#### Supplied records
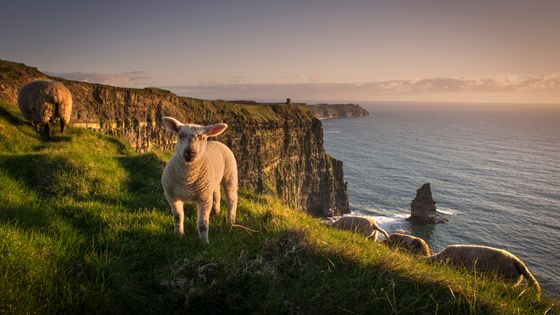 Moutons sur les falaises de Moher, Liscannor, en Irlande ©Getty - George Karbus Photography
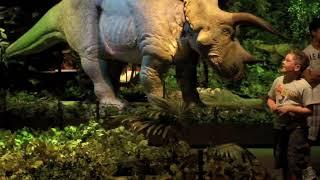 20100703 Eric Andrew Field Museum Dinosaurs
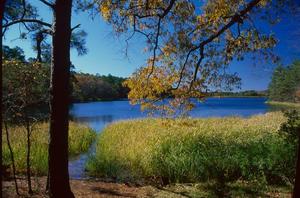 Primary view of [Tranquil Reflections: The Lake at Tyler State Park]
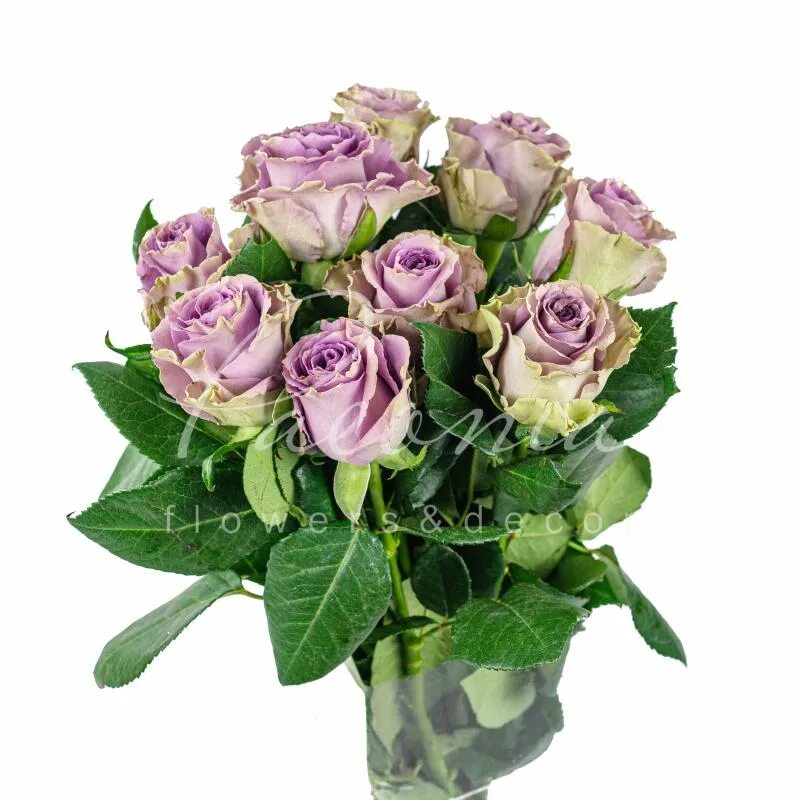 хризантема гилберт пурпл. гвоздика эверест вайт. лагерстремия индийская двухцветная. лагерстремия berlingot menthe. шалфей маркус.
########
#### Supplied records
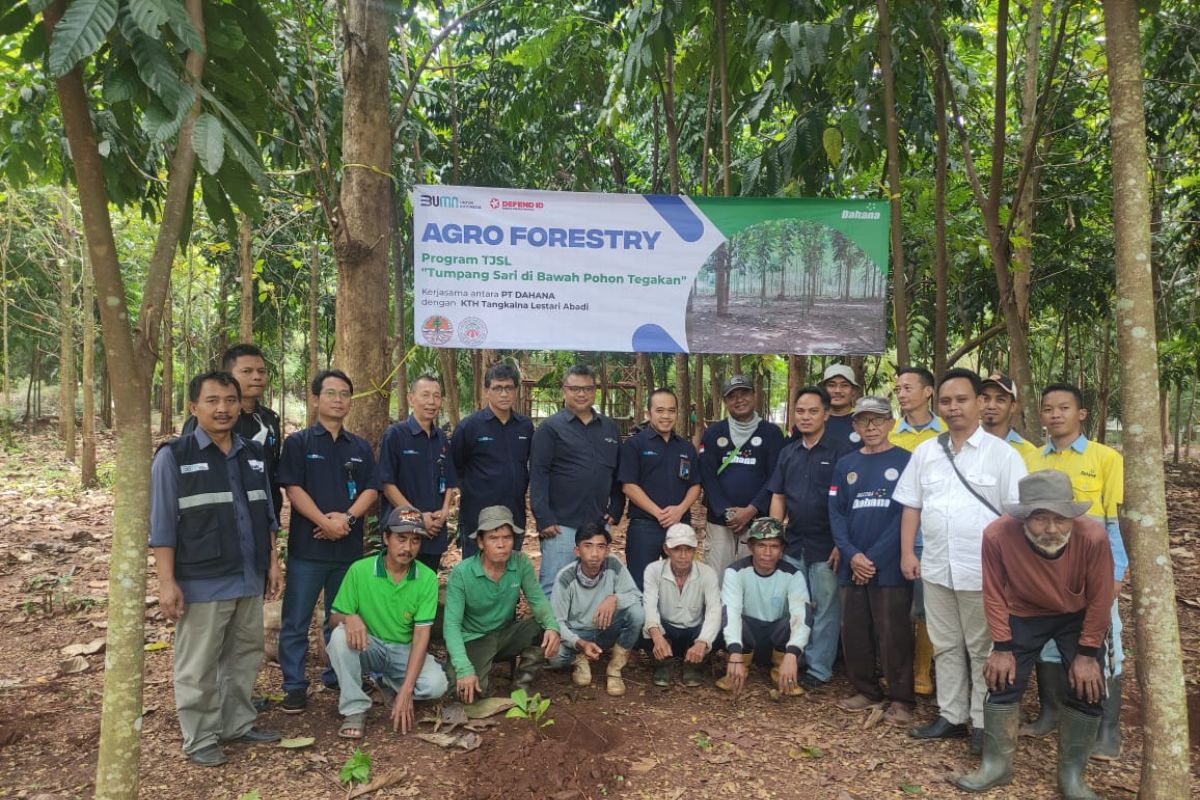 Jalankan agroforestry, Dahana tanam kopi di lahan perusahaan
########
→ **What you are asked to do**
Would you copy the lines above exactly, starting with the one that has "Moutons sur les" and ending with the one that has "хризантема гилберт пурпл.", both included, without the pictures?

→ **Solution to this task**
 Moutons sur les falaises de Moher, Liscannor, en Irlande ©Getty - George Karbus Photography
 20100703 Eric Andrew Field Museum Dinosaurs
 Primary view of [Tranquil Reflections: The Lake at Tyler State Park]
 хризантема гилберт пурпл. гвоздика эверест вайт. лагерстремия индийская двухцветная. лагерстремия berlingot menthe. шалфей маркус.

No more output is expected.